Source data:
┄┄┄┄┄┄

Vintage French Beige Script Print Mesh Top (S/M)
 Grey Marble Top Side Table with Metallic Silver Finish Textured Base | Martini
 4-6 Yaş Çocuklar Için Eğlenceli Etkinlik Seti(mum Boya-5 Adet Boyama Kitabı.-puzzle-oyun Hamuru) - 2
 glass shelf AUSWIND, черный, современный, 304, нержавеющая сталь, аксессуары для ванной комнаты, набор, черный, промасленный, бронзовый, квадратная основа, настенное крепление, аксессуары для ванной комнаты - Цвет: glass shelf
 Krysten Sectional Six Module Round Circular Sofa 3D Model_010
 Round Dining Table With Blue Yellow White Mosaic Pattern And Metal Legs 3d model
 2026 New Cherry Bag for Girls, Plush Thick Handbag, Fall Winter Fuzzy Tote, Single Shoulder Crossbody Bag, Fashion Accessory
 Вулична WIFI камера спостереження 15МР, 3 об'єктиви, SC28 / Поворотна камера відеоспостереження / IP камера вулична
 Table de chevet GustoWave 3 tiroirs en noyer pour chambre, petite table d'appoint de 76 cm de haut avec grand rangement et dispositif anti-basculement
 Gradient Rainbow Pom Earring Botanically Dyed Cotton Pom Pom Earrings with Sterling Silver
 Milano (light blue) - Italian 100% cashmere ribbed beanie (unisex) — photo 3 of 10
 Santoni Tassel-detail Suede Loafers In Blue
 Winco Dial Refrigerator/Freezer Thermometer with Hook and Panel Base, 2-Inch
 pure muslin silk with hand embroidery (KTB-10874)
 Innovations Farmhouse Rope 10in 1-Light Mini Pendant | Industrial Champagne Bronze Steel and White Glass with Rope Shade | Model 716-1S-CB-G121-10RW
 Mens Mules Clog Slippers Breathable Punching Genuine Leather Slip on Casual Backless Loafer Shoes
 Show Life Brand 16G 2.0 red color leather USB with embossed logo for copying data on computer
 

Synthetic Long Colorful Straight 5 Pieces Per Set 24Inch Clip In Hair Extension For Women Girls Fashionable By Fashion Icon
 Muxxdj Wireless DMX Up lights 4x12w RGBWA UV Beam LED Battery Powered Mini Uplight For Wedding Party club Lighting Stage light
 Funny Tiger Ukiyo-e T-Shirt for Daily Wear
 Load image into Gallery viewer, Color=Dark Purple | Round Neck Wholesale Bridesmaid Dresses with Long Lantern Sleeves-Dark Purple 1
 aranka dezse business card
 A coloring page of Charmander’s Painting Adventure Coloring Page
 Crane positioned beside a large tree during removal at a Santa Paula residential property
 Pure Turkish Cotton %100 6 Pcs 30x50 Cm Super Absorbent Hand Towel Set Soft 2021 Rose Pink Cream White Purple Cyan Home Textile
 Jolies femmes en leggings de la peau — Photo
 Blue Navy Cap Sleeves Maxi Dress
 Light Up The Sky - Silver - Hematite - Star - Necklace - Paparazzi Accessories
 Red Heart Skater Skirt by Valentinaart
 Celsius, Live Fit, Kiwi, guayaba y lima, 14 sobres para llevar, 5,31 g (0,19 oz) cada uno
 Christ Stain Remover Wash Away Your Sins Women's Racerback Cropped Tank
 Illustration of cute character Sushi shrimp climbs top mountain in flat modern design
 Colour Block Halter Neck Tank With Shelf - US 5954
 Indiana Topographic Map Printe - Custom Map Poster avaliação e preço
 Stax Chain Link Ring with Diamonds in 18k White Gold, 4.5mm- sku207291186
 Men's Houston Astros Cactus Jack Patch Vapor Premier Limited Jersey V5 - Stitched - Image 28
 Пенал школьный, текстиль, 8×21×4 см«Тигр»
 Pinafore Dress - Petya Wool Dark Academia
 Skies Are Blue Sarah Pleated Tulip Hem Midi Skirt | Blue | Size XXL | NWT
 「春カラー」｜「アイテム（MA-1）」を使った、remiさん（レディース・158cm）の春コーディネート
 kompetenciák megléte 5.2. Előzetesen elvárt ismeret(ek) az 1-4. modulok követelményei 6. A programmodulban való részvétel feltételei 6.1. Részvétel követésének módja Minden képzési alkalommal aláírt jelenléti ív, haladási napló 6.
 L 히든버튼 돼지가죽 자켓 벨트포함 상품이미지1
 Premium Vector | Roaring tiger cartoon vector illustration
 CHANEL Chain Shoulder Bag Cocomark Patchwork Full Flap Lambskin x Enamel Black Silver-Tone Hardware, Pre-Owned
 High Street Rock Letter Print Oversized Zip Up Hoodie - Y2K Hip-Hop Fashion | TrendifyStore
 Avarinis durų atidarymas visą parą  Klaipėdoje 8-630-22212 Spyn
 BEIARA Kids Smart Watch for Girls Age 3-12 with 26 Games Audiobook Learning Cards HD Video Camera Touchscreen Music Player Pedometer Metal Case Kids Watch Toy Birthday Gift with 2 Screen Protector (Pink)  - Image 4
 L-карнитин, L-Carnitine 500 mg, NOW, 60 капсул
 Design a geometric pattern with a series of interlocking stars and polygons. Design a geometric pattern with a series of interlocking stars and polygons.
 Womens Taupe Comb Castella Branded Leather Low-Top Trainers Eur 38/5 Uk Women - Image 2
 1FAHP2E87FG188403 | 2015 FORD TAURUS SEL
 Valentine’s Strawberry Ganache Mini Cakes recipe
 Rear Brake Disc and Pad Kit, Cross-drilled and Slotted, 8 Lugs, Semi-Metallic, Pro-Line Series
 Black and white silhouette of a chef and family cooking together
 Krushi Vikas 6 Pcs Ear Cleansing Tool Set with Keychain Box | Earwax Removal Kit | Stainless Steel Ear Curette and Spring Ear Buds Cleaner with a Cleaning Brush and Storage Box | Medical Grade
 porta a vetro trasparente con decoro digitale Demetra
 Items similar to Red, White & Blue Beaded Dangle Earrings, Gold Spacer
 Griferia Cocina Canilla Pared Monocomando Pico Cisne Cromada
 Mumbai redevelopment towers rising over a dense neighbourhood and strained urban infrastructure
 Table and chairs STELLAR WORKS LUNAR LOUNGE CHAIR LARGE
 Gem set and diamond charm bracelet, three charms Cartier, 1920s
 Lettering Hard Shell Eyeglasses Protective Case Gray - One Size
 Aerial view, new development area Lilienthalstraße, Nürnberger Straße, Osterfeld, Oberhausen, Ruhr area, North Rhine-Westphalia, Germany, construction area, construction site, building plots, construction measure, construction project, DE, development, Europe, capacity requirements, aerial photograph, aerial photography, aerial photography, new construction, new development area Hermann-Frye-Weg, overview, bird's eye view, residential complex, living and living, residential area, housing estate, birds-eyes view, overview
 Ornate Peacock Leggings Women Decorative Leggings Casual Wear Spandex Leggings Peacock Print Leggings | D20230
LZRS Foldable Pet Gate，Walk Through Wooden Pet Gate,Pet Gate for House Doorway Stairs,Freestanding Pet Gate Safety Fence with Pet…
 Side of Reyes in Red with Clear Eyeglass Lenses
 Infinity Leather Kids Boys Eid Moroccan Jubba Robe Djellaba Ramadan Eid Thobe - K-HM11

┄┄┄┄┄┄

Aim of the exercise: Write down, word for word, the lines above from the one containing "Ornate Peacock Leggings" through the one containing "Side of Reyes", both ends included.

Result for this task:
 Ornate Peacock Leggings Women Decorative Leggings Casual Wear Spandex Leggings Peacock Print Leggings | D20230
LZRS Foldable Pet Gate，Walk Through Wooden Pet Gate,Pet Gate for House Doorway Stairs,Freestanding Pet Gate Safety Fence with Pet…
 Side of Reyes in Red with Clear Eyeglass Lenses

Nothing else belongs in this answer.